На обратном пути мне не приходится платить даже доллар тридцать за автобус, потому что я добираюсь до университета на лифте, который здесь, к счастью, довольно часто ходит. Пока я поднимаюсь на пятнадцатый этаж, наша секретарша рассказывает мне о том, что она счастливо влюблена. Улыбаясь чужому счастью, я ненавязчиво спрашиваю:

— И в кого же, если не секрет?

— В вас, — говорит она, улыбаясь в ответ, и очень толстой рукой протягивает мне чек, мою месячную зарплату за преподавание немецкого.

Ночной туман

Воздухоплаватель искал верного партнёра, чтобы подняться высоко в облака. Здесь, в АМЕРИКАХ, всегда густой туман. Чиновники из государственных служб, которые живут над глухими колоннадами, выше солёных брызг, ниже тумана, и даже разводят картошку фри и попкорн, вспученную кукурузу, на роскошных балконах, — только они знают, что такое жизнь. Воздухоплаватель был, как и многие здесь, иностранец; он жил в районе трёхтысячесотых этажей и знал, что такое лишения. Тем не менее, он, в отличие от многих соседей, никогда не боялся спуститься вниз, минуя балкончики-миньет и ощущая странную, высокую гравитацию. Удивительно: когда он бывал на земле, жажда плюнуть вниз или смастерить водяную бомбочку отпускала его. Я, наверное, идентифицирую себя с этим воздухоплавателем. Между башнями всегда застревает то или иное облако; большие сгустки образуются, стесняя обитателей высокоэтажных жилых кварталов; особенно, конечно, страдает чердак, где по обеим сторонам, перекинув верёвки между башнями и более не замечая приземлённых дипломатических конфликтов, новые третьи устроили лево-правый незарегистрированный прачечный бизнес. Единственное их спасение в том, что налаженная постирушка даёт свои плоды, которые можно вкладывать в инвестиции. В прошлом году прачечная «Голубой Огурец» получила достаточно дивидендов, чтобы закупить партию сушильных машин и таким образом обезопасить себя от сырости. Совмещая в себе научно-технические знания, интерес к низшим слоям общества и высшим атмосферы и не обладая возможностью поехать на общественном лифте на последний этаж, воздухоплаватель решил сконструировать воздушный шар и подняться на самые вершки государственных американских сооружений. Он дал объявление в газету:

«Нуждаюсь в гидроматросе, 45, макс. 190 фунтов, с желанием научиться вязать узлы и решать проблемы. Оплата по умолчанию».

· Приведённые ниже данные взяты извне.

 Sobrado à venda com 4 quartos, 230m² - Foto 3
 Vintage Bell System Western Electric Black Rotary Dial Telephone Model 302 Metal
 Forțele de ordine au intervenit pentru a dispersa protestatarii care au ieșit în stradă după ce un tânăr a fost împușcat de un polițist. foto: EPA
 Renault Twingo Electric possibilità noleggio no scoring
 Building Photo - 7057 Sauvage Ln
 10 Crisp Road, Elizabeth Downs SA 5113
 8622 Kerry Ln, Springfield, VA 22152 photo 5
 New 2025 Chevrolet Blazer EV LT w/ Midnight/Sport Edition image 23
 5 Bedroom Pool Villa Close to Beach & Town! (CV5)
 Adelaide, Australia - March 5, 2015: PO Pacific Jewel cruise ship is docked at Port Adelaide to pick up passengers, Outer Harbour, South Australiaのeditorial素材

В течение следующей недели он нашёл помощника. За следующий месяц они построили воздушный шар из подручных средств; корзина получилась проволочная и разноцветная, но сам шар и заплечные парашюты пошили на заказ девы третьего мира из чистого белого шёлка. Несколько дев, утомлённых однообразной жизнью, даже изъявили желание принести себя в жертву в качестве балласта. Воздухоплаватель не отказался. Он был очень современный практичный человек, почти свободный от предрассудков.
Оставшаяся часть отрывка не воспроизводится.